Oracle Cloud is trying to break into the cloud infrastructure market. One such way is by betting developers familiar with the products through free tier offerings.

Want to follow along? Start by setting up a free Oracle Cloud account at https://www.oracle.com/cloud/free/

NOTE: The Oracle Cloud setup process has quite a few steps and requires a valid CC (Discover did not work in my case, but my Visa was accepted).

For this example, I am creating a free tier ARM 4 core, 24GB ram, 100GB boot VM (the free tier limit on compute and half the free tier limit on storage).

Step by step:

  1. On the Get Started homepage, in the Launch Resources section, select the Create a VM instance box.
  2. Input a custom, memorable name for your VM.
  3. In the Image and Shape box click the Edit hyperlink.
  4. In the expanded image and shape options box, click Change image.
  5. Recommend selecting the latest Canonical Ubuntu image or at least updating the Oracle Linux image to the latest version.

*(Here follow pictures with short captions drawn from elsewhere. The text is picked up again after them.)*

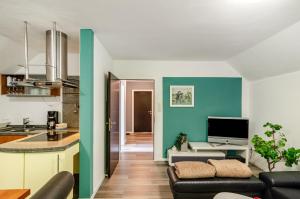 a kitchen and living room with a couch and a table at Fewo3 Buppeape Saterland in Bollingen
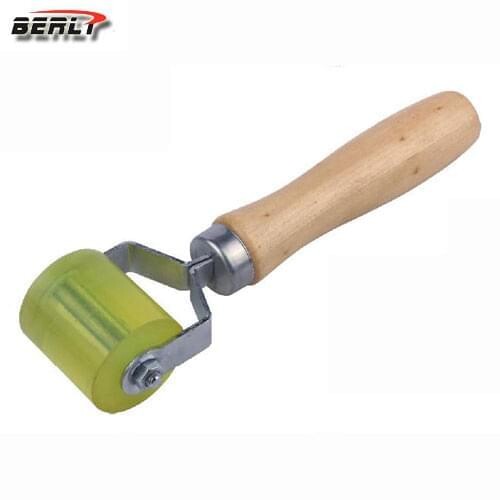 roller for gluable wheel balancing weights
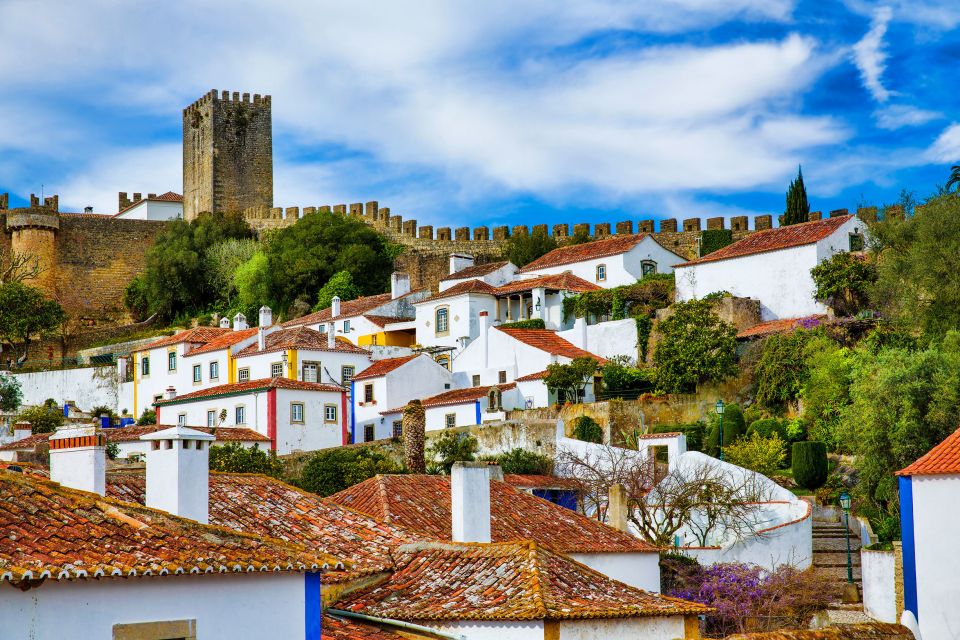From Sesimbra: Private Fátima, Batalha, Nazaré & Óbidos Tour - Batalha Monastery Exploration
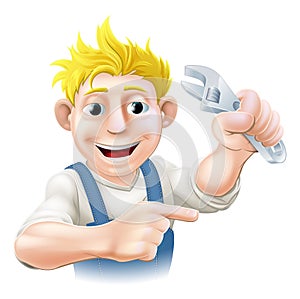 Cartoon plumber or mechanic pointing photo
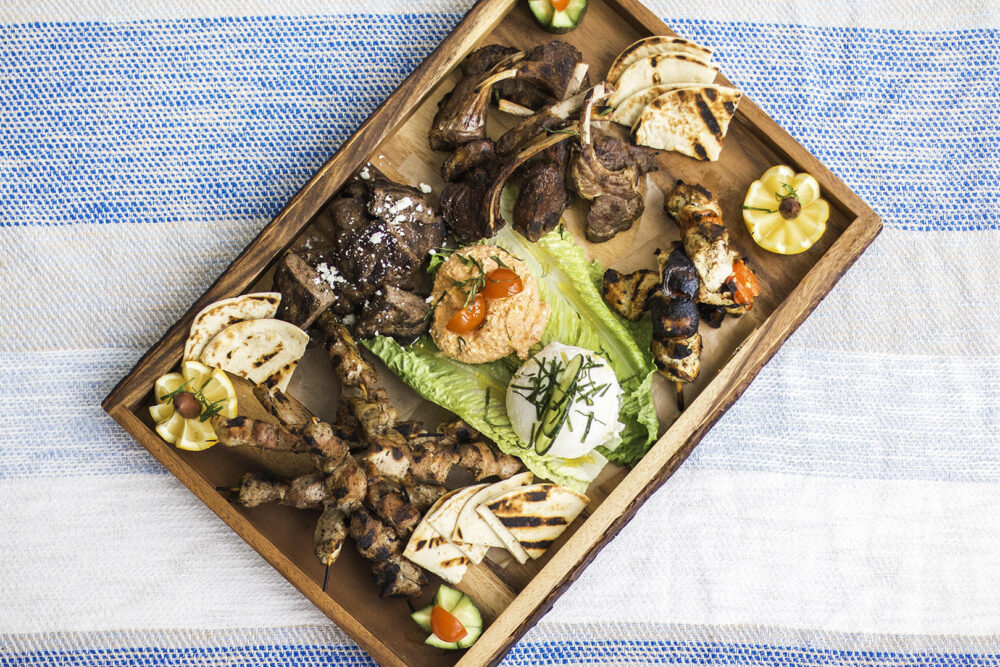 Tsiknopempti is part of the traditional celebrations of Apókries, the Greek Carnival season that centers around large amounts of grilled and roasted meats. (Photo courtesy of Avli Taverna) for What to do in March: Lenten Dining, March Madness, St. Patrick's Day and More!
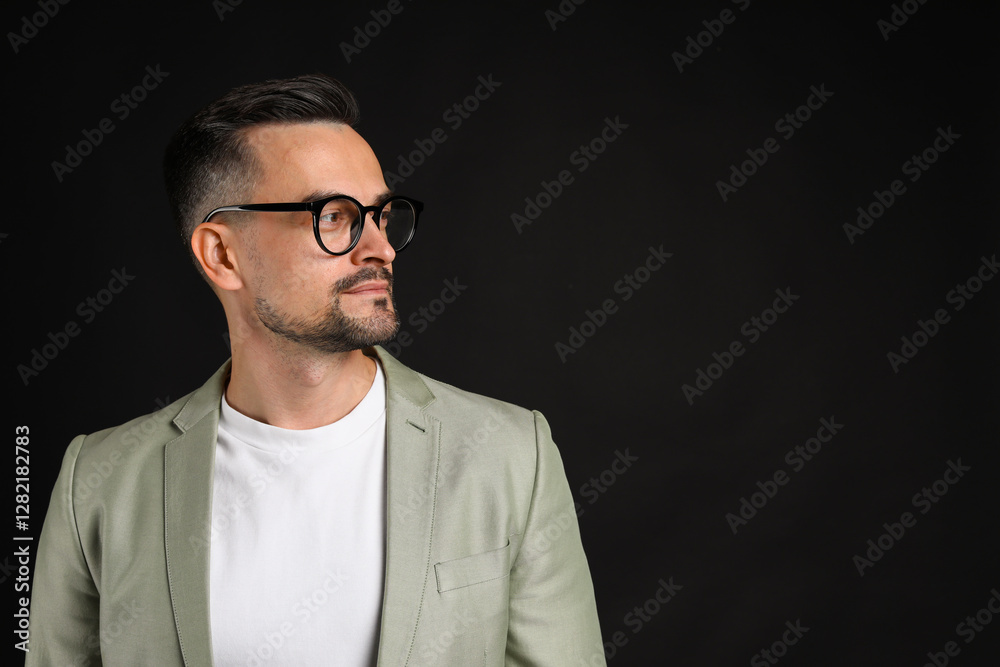Obraz premium Portrait of handsome middle aged man on black background, space for text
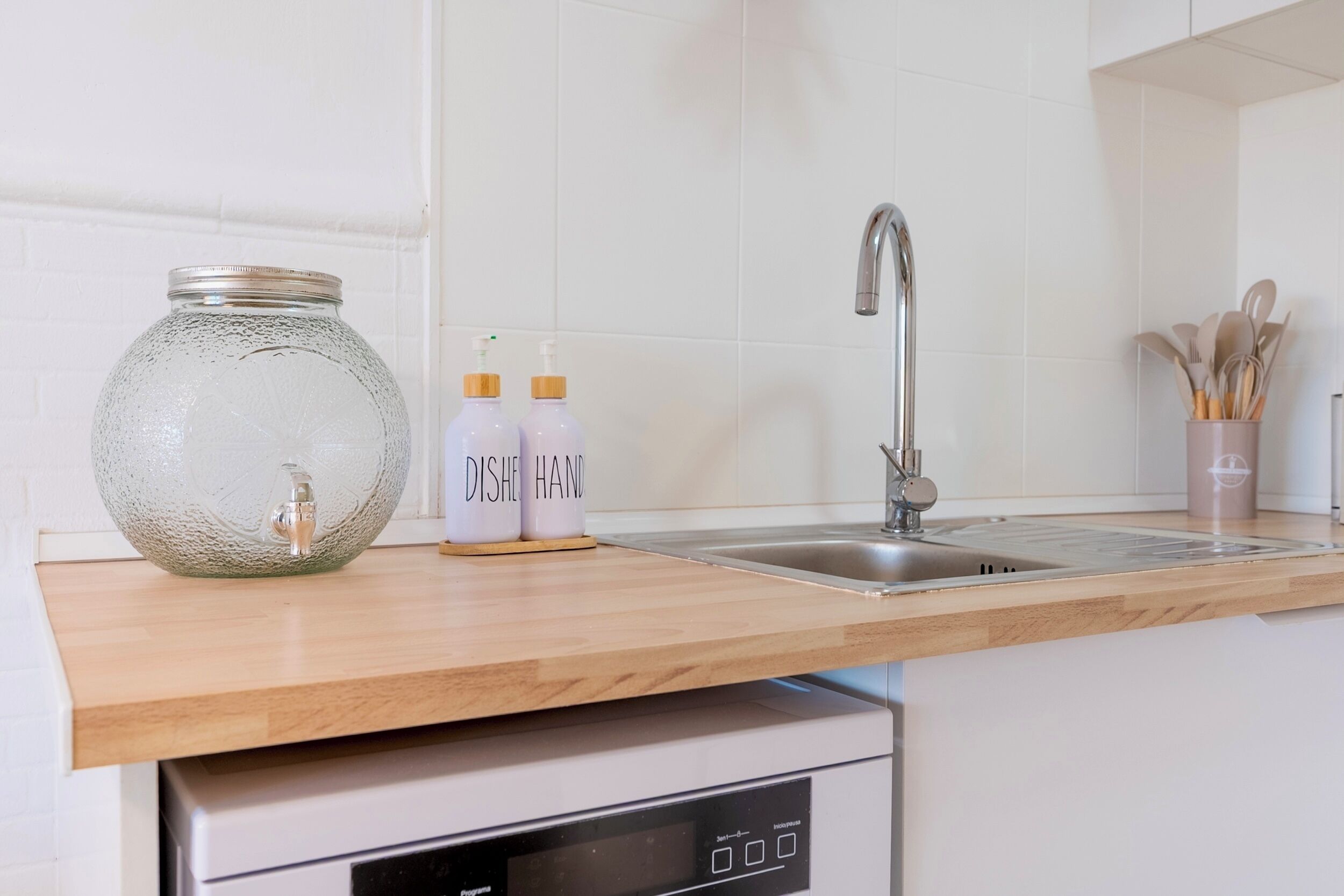Une cuisine équipée d’un évier en acier inoxydable, d’un lave-vaisselle et d’un plan de travail en bois.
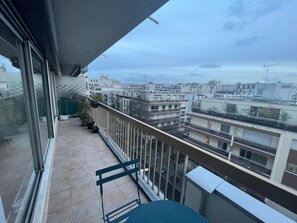 Ein Balkon mit Blick auf eine Stadtansicht, darunter Gebäude und eine Straße.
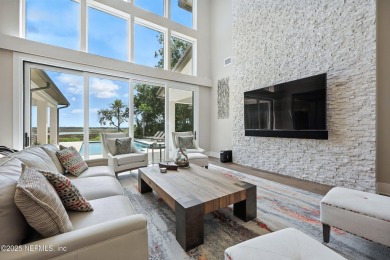 A custom home with panoramic Intracoastal views behind the gates on Queens Harbour Yacht and Country Club in Florida - for sale on GolfHomes.com, golf home, golf lot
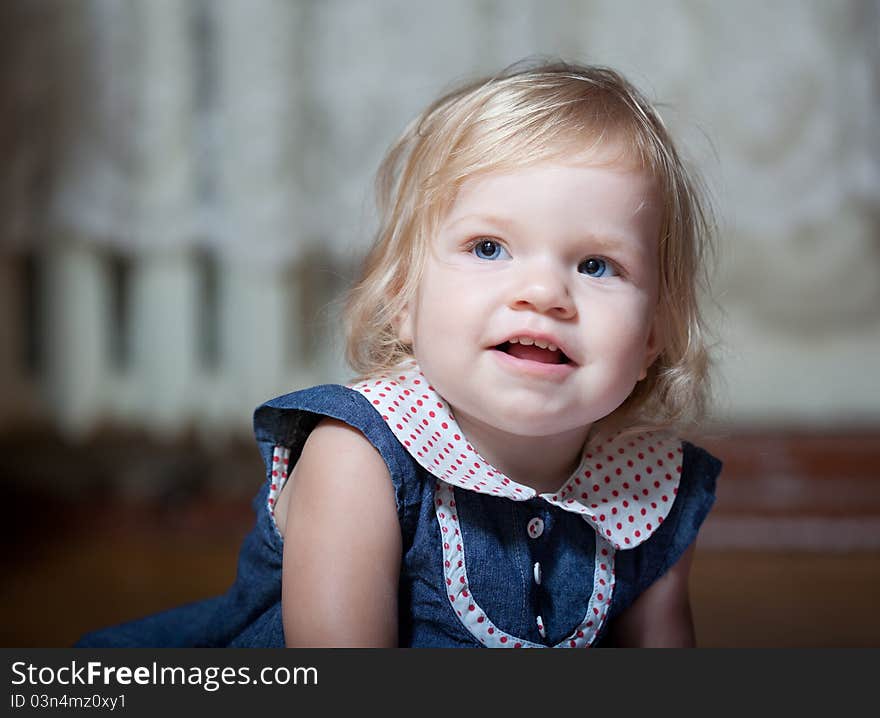 Girl sitting on the floor. Close-up portrait. Girl sitting on the floor. Close-up portrait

Then click select image to save the changes.
  6. Back in the expanded image and shape options box, click Change shape.
  7. For this example, select the Ampere box, and check the VM.Standard.A1.Flex option. Then in the expanded shape options drag the Number of OCPUs slider to 4 and the memory should also slide in kind to 24 on the Amount of memory (GB) slider. Remember to click Select shape to save the changes.
  8. Optional: In the expanded section after clicking Show advanced options in the Networking box, you may want to enter a hostname for easier domain name connectivity.
  9. The rest of the Networking options are left as is to create a Publicly accessible VM in a new VCN and subnet.
  10. Important: Save the Private and Public SSH keys now from the Add SSH Keys section.
  11. Optional: In the Boot Volume section, you may want to disable the Use in-transit encryption option to improve performance if your use case does not involve sensitive data.
  12. Recommend: Leave the rest of the options at default values for now. NOTE: The boot size can be expanded later if needed, but not shrunk.
  13. Finally, click the Create button at the bottom and wait a couple minutes for your VM to be ready.

Once ready, we can perform our first SSH connection.

chmod 600 my-secret-key.key
ssh -i my-secret-key.key ubuntu@10.0.0.0

Remember to updated your iptables for your services and open the ports needed in the subnet's security list!